» **Exercise directions**: Print, in exact form, the lines below from the one containing "The middle of" through the one containing "Next, take three", and omit all others.

» **Material provided**:
· · ·

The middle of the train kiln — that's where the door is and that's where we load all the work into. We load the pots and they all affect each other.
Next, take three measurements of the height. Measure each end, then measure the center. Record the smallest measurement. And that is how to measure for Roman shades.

· · ·

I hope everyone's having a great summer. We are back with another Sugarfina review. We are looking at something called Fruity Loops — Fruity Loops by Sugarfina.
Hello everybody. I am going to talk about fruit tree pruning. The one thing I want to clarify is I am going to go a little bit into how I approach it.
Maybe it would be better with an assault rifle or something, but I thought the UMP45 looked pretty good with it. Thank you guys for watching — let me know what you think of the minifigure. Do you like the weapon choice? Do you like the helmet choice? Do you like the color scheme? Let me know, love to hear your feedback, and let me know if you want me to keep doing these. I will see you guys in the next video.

· · ·

» **Response below**:
The middle of the train kiln — that's where the door is and that's where we load all the work into. We load the pots and they all affect each other.
Next, take three measurements of the height. Measure each end, then measure the center. Record the smallest measurement. And that is how to measure for Roman shades.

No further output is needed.